Hi,
Background: We got Fusarium oxysporum genome sequenced.
- Genome Size: ~60mb
- Coverage: 100x
- Platform: Illumina NOvaseq x (Paired 150bp)
GOAL: Denovo Genome Assemblies
Problem 1:
The company gave multiple files per sample (ideally it shoiuld be just Forward and Reverse reads). BUt on discussion they said that their main concern was atleast 6Gb of data per sample. In 1st run they didnot achieve this. So the rerun the samples and got >6Gb data per sample in 2nd run. Now they gave us files from both 1st and 2nd run. So now for Sample ILL_02 I have 4 files as follow.
ILL_02_MKDN240005763-1A_227NJ5LT4_L4_1.fq.gz
ILL_02_MKDN240005763-1A_227NJ5LT4_L4_2.fq.gz
ILL_02_MKDN240005763-1A_227NJMLT4_L8_1.fq.gz
ILL_02_MKDN240005763-1A_227NJMLT4_L8_2.fq.gz
Solution I got: The solution I was presented to this problem was to just merge the files using zcat as
zcat ILL_02_MKDN240005763-1A_227NJ5LT4_L4_1.fq.gz ILL_02_MKDN240005763-1A_227NJMLT4_L8_1.fq.gz > ILL_02_merged_1.fq.gz
zcat ILL_02_MKDN240005763-1A_227NJ5LT4_L4_2.fq.gz ILL_02_MKDN240005763-1A_227NJMLT4_L8_2.fq.gz > ILL_02_merged_2.fq.gz
Question: Is this really a good approach ? Is their anyother method to merge these datasets of two runs ?

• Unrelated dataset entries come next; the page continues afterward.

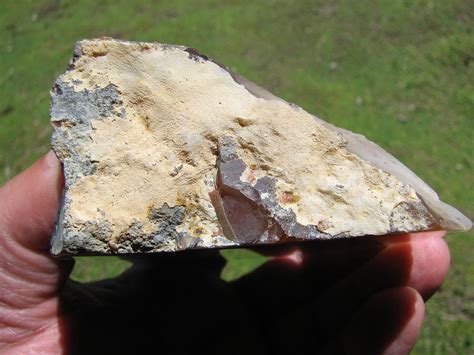 Polished Limb Cast Dendrite Butte Display Black Dendrites And White Orbs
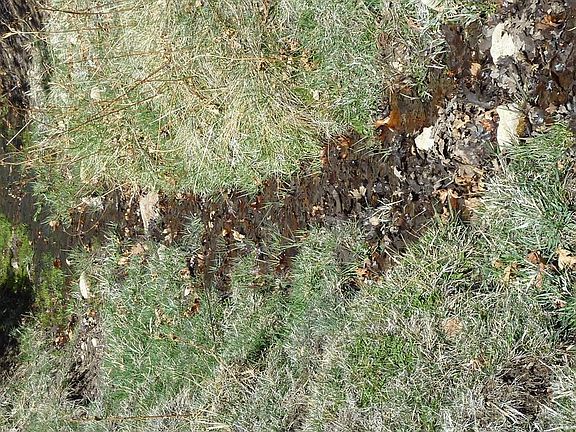 3rd image of 88 Colorado Land Grazing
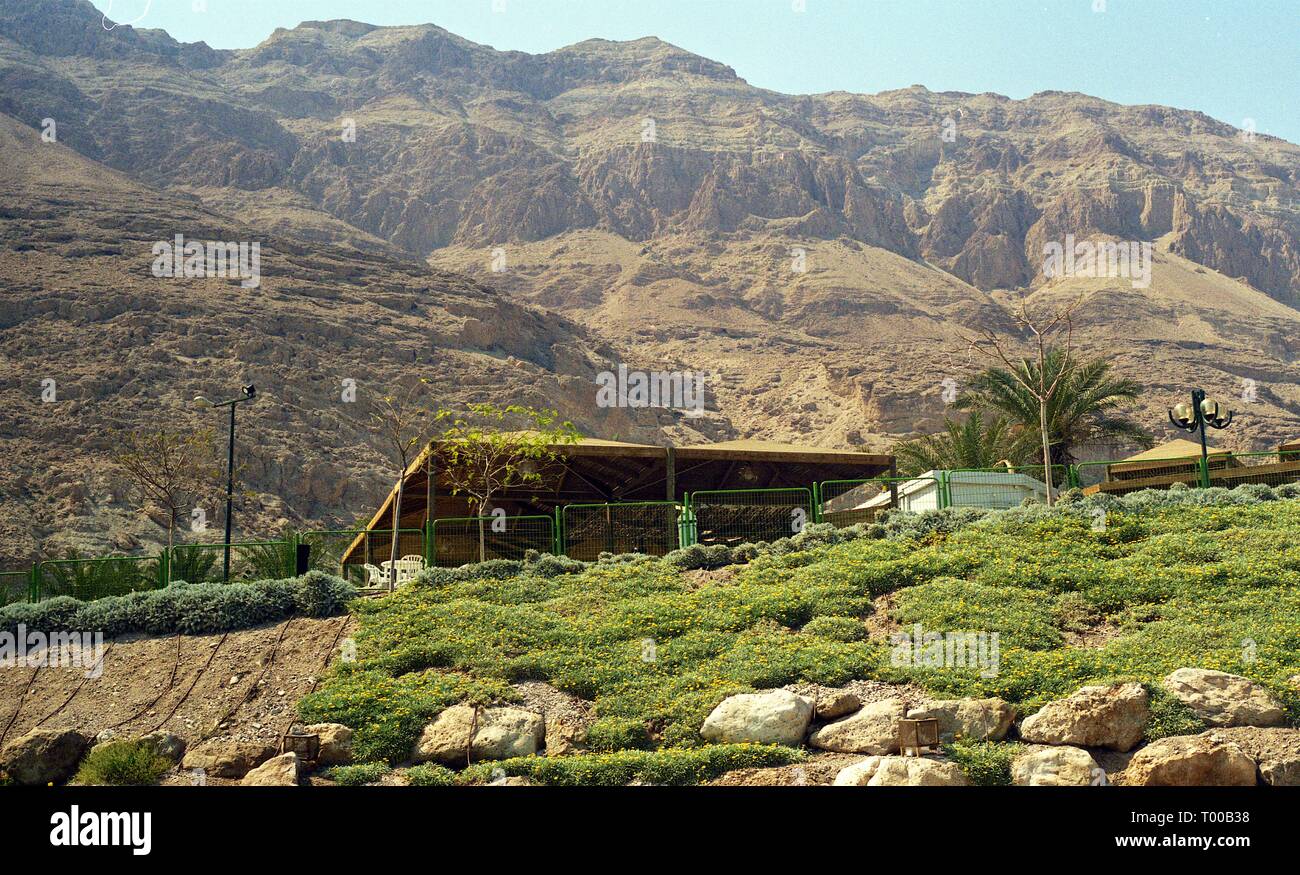 Mar Morto, Israele 1998 Foto Stock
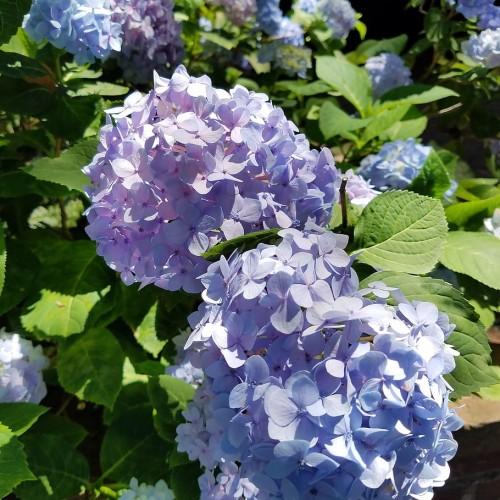 Light-violet flowers with purple center, green leaves, yellow midrib and veins.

Was the same library re-run or was a new set of libraries made? Did they run a single pool of libraries on all lanes? If it is the same library re-run on two flowcells then these are technical sequencing replicates. There should be little, if any, batch effect unless a different chemistry was used for two runs.
You can use plain
cat
. No need to usezcat
here.the representative of sequencing company gave me this responce when i asked about multiple files per sample and i quote here
I think they jusr re-run the same library.
As long as the lower yield first time around was not because of a problem of some sort with the software/hardware it should be fine to merge the data.